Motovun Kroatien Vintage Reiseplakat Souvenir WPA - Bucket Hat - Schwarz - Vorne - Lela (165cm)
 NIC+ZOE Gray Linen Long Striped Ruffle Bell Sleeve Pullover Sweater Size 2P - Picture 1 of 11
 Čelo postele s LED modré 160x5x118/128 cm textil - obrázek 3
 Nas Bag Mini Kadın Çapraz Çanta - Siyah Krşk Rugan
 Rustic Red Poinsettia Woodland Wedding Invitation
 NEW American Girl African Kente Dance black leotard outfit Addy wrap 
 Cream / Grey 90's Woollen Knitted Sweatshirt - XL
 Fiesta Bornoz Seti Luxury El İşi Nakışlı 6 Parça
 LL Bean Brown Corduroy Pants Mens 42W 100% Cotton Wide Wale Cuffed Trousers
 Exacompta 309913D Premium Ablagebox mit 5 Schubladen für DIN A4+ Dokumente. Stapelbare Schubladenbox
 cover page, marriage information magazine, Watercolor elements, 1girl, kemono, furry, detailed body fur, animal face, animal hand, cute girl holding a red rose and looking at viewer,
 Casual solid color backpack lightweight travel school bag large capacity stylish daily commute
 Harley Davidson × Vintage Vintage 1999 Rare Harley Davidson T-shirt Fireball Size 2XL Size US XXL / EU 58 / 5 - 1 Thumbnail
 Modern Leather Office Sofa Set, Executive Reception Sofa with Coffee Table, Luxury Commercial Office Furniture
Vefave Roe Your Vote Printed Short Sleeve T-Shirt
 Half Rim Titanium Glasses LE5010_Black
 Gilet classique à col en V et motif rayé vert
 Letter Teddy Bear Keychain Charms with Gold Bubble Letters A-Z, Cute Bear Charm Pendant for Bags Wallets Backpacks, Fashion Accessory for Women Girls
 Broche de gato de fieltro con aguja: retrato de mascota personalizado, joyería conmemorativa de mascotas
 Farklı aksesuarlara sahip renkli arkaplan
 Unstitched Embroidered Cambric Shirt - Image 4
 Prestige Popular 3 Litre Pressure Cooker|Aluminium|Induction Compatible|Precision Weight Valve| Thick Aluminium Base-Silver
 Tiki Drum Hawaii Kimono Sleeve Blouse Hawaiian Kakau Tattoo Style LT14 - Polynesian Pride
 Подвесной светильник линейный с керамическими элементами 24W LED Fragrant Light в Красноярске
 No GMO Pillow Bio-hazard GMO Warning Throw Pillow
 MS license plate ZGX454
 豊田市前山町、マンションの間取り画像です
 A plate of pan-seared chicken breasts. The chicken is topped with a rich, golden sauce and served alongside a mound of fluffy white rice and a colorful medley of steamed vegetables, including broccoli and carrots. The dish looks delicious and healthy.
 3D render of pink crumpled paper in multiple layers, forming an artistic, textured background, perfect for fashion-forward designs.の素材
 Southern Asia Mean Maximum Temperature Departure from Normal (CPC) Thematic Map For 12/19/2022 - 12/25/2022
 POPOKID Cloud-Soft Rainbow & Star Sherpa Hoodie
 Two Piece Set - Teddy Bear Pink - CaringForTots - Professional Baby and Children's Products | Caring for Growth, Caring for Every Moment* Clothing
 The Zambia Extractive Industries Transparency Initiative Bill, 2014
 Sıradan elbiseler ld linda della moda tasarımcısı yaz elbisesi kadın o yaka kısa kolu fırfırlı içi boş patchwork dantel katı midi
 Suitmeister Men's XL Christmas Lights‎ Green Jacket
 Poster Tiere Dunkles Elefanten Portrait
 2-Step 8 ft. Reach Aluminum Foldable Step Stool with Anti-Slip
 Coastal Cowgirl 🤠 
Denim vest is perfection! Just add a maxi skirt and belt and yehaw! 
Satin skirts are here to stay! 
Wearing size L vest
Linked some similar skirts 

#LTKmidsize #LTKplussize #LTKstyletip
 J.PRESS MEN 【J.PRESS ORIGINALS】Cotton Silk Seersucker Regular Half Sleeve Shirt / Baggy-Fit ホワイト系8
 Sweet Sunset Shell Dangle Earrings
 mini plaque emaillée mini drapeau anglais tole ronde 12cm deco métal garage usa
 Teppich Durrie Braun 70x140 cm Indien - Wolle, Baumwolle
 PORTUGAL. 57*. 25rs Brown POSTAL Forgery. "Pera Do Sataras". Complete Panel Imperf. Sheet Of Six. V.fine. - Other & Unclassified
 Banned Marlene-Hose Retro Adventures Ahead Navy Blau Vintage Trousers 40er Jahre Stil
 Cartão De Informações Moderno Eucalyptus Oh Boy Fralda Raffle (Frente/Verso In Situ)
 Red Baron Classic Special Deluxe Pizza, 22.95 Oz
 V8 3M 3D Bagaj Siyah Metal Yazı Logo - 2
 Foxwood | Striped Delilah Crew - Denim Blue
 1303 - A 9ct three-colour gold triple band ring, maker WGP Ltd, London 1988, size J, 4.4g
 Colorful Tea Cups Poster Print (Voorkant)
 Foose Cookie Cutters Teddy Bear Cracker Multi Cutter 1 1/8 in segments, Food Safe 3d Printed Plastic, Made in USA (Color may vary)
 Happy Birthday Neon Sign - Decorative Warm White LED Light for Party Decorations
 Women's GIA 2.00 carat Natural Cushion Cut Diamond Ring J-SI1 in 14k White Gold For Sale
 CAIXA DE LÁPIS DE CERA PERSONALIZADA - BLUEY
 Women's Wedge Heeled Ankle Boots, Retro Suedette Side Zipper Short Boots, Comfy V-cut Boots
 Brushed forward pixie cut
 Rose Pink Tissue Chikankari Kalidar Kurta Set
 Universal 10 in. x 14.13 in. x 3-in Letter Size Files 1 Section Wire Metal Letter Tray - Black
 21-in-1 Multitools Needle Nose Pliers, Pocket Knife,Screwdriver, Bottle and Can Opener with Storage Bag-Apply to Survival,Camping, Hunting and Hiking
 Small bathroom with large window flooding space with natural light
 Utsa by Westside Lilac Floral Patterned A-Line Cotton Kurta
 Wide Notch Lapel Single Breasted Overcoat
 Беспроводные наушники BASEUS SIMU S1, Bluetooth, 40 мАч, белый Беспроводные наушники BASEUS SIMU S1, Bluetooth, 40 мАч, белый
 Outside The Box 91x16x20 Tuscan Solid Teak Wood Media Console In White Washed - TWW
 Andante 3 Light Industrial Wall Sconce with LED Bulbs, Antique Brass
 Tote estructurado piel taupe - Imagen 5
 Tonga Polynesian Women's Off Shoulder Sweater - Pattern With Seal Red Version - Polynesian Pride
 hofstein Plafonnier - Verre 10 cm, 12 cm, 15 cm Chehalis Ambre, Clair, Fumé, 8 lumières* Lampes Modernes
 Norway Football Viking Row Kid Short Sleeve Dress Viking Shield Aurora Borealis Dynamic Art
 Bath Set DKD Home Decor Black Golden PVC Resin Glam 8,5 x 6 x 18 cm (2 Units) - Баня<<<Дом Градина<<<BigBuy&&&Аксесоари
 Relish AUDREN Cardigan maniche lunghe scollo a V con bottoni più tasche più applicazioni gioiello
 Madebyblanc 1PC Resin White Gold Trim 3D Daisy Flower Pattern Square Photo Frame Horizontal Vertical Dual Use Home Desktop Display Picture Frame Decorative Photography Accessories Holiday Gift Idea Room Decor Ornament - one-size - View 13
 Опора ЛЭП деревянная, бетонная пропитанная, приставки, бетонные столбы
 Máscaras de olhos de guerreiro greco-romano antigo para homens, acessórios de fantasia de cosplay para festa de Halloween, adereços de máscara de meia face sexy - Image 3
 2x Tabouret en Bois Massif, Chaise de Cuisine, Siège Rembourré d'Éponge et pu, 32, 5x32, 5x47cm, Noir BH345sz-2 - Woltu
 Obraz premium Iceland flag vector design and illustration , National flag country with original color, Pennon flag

---------------

About this exercise — Copy the data word for word.

Response to this exercise —
Motovun Kroatien Vintage Reiseplakat Souvenir WPA - Bucket Hat - Schwarz - Vorne - Lela (165cm)
 NIC+ZOE Gray Linen Long Striped Ruffle Bell Sleeve Pullover Sweater Size 2P - Picture 1 of 11
 Čelo postele s LED modré 160x5x118/128 cm textil - obrázek 3
 Nas Bag Mini Kadın Çapraz Çanta - Siyah Krşk Rugan
 Rustic Red Poinsettia Woodland Wedding Invitation
 NEW American Girl African Kente Dance black leotard outfit Addy wrap 
 Cream / Grey 90's Woollen Knitted Sweatshirt - XL
 Fiesta Bornoz Seti Luxury El İşi Nakışlı 6 Parça
 LL Bean Brown Corduroy Pants Mens 42W 100% Cotton Wide Wale Cuffed Trousers
 Exacompta 309913D Premium Ablagebox mit 5 Schubladen für DIN A4+ Dokumente. Stapelbare Schubladenbox
 cover page, marriage information magazine, Watercolor elements, 1girl, kemono, furry, detailed body fur, animal face, animal hand, cute girl holding a red rose and looking at viewer,
 Casual solid color backpack lightweight travel school bag large capacity stylish daily commute
 Harley Davidson × Vintage Vintage 1999 Rare Harley Davidson T-shirt Fireball Size 2XL Size US XXL / EU 58 / 5 - 1 Thumbnail
 Modern Leather Office Sofa Set, Executive Reception Sofa with Coffee Table, Luxury Commercial Office Furniture
Vefave Roe Your Vote Printed Short Sleeve T-Shirt
 Half Rim Titanium Glasses LE5010_Black
 Gilet classique à col en V et motif rayé vert
 Letter Teddy Bear Keychain Charms with Gold Bubble Letters A-Z, Cute Bear Charm Pendant for Bags Wallets Backpacks, Fashion Accessory for Women Girls
 Broche de gato de fieltro con aguja: retrato de mascota personalizado, joyería conmemorativa de mascotas
 Farklı aksesuarlara sahip renkli arkaplan
 Unstitched Embroidered Cambric Shirt - Image 4
 Prestige Popular 3 Litre Pressure Cooker|Aluminium|Induction Compatible|Precision Weight Valve| Thick Aluminium Base-Silver
 Tiki Drum Hawaii Kimono Sleeve Blouse Hawaiian Kakau Tattoo Style LT14 - Polynesian Pride
 Подвесной светильник линейный с керамическими элементами 24W LED Fragrant Light в Красноярске
 No GMO Pillow Bio-hazard GMO Warning Throw Pillow
 MS license plate ZGX454
 豊田市前山町、マンションの間取り画像です
 A plate of pan-seared chicken breasts. The chicken is topped with a rich, golden sauce and served alongside a mound of fluffy white rice and a colorful medley of steamed vegetables, including broccoli and carrots. The dish looks delicious and healthy.
 3D render of pink crumpled paper in multiple layers, forming an artistic, textured background, perfect for fashion-forward designs.の素材
 Southern Asia Mean Maximum Temperature Departure from Normal (CPC) Thematic Map For 12/19/2022 - 12/25/2022
 POPOKID Cloud-Soft Rainbow & Star Sherpa Hoodie
 Two Piece Set - Teddy Bear Pink - CaringForTots - Professional Baby and Children's Products | Caring for Growth, Caring for Every Moment* Clothing
 The Zambia Extractive Industries Transparency Initiative Bill, 2014
 Sıradan elbiseler ld linda della moda tasarımcısı yaz elbisesi kadın o yaka kısa kolu fırfırlı içi boş patchwork dantel katı midi
 Suitmeister Men's XL Christmas Lights‎ Green Jacket
 Poster Tiere Dunkles Elefanten Portrait
 2-Step 8 ft. Reach Aluminum Foldable Step Stool with Anti-Slip
 Coastal Cowgirl 🤠 
Denim vest is perfection! Just add a maxi skirt and belt and yehaw! 
Satin skirts are here to stay! 
Wearing size L vest
Linked some similar skirts 

#LTKmidsize #LTKplussize #LTKstyletip
 J.PRESS MEN 【J.PRESS ORIGINALS】Cotton Silk Seersucker Regular Half Sleeve Shirt / Baggy-Fit ホワイト系8
 Sweet Sunset Shell Dangle Earrings
 mini plaque emaillée mini drapeau anglais tole ronde 12cm deco métal garage usa
 Teppich Durrie Braun 70x140 cm Indien - Wolle, Baumwolle
 PORTUGAL. 57*. 25rs Brown POSTAL Forgery. "Pera Do Sataras". Complete Panel Imperf. Sheet Of Six. V.fine. - Other & Unclassified
 Banned Marlene-Hose Retro Adventures Ahead Navy Blau Vintage Trousers 40er Jahre Stil
 Cartão De Informações Moderno Eucalyptus Oh Boy Fralda Raffle (Frente/Verso In Situ)
 Red Baron Classic Special Deluxe Pizza, 22.95 Oz
 V8 3M 3D Bagaj Siyah Metal Yazı Logo - 2
 Foxwood | Striped Delilah Crew - Denim Blue
 1303 - A 9ct three-colour gold triple band ring, maker WGP Ltd, London 1988, size J, 4.4g
 Colorful Tea Cups Poster Print (Voorkant)
 Foose Cookie Cutters Teddy Bear Cracker Multi Cutter 1 1/8 in segments, Food Safe 3d Printed Plastic, Made in USA (Color may vary)
 Happy Birthday Neon Sign - Decorative Warm White LED Light for Party Decorations
 Women's GIA 2.00 carat Natural Cushion Cut Diamond Ring J-SI1 in 14k White Gold For Sale
 CAIXA DE LÁPIS DE CERA PERSONALIZADA - BLUEY
 Women's Wedge Heeled Ankle Boots, Retro Suedette Side Zipper Short Boots, Comfy V-cut Boots
 Brushed forward pixie cut
 Rose Pink Tissue Chikankari Kalidar Kurta Set
 Universal 10 in. x 14.13 in. x 3-in Letter Size Files 1 Section Wire Metal Letter Tray - Black
 21-in-1 Multitools Needle Nose Pliers, Pocket Knife,Screwdriver, Bottle and Can Opener with Storage Bag-Apply to Survival,Camping, Hunting and Hiking
 Small bathroom with large window flooding space with natural light
 Utsa by Westside Lilac Floral Patterned A-Line Cotton Kurta
 Wide Notch Lapel Single Breasted Overcoat
 Беспроводные наушники BASEUS SIMU S1, Bluetooth, 40 мАч, белый Беспроводные наушники BASEUS SIMU S1, Bluetooth, 40 мАч, белый
 Outside The Box 91x16x20 Tuscan Solid Teak Wood Media Console In White Washed - TWW
 Andante 3 Light Industrial Wall Sconce with LED Bulbs, Antique Brass
 Tote estructurado piel taupe - Imagen 5
 Tonga Polynesian Women's Off Shoulder Sweater - Pattern With Seal Red Version - Polynesian Pride
 hofstein Plafonnier - Verre 10 cm, 12 cm, 15 cm Chehalis Ambre, Clair, Fumé, 8 lumières* Lampes Modernes
 Norway Football Viking Row Kid Short Sleeve Dress Viking Shield Aurora Borealis Dynamic Art
 Bath Set DKD Home Decor Black Golden PVC Resin Glam 8,5 x 6 x 18 cm (2 Units) - Баня<<<Дом Градина<<<BigBuy&&&Аксесоари
 Relish AUDREN Cardigan maniche lunghe scollo a V con bottoni più tasche più applicazioni gioiello
 Madebyblanc 1PC Resin White Gold Trim 3D Daisy Flower Pattern Square Photo Frame Horizontal Vertical Dual Use Home Desktop Display Picture Frame Decorative Photography Accessories Holiday Gift Idea Room Decor Ornament - one-size - View 13
 Опора ЛЭП деревянная, бетонная пропитанная, приставки, бетонные столбы
 Máscaras de olhos de guerreiro greco-romano antigo para homens, acessórios de fantasia de cosplay para festa de Halloween, adereços de máscara de meia face sexy - Image 3
 2x Tabouret en Bois Massif, Chaise de Cuisine, Siège Rembourré d'Éponge et pu, 32, 5x32, 5x47cm, Noir BH345sz-2 - Woltu
 Obraz premium Iceland flag vector design and illustration , National flag country with original color, Pennon flag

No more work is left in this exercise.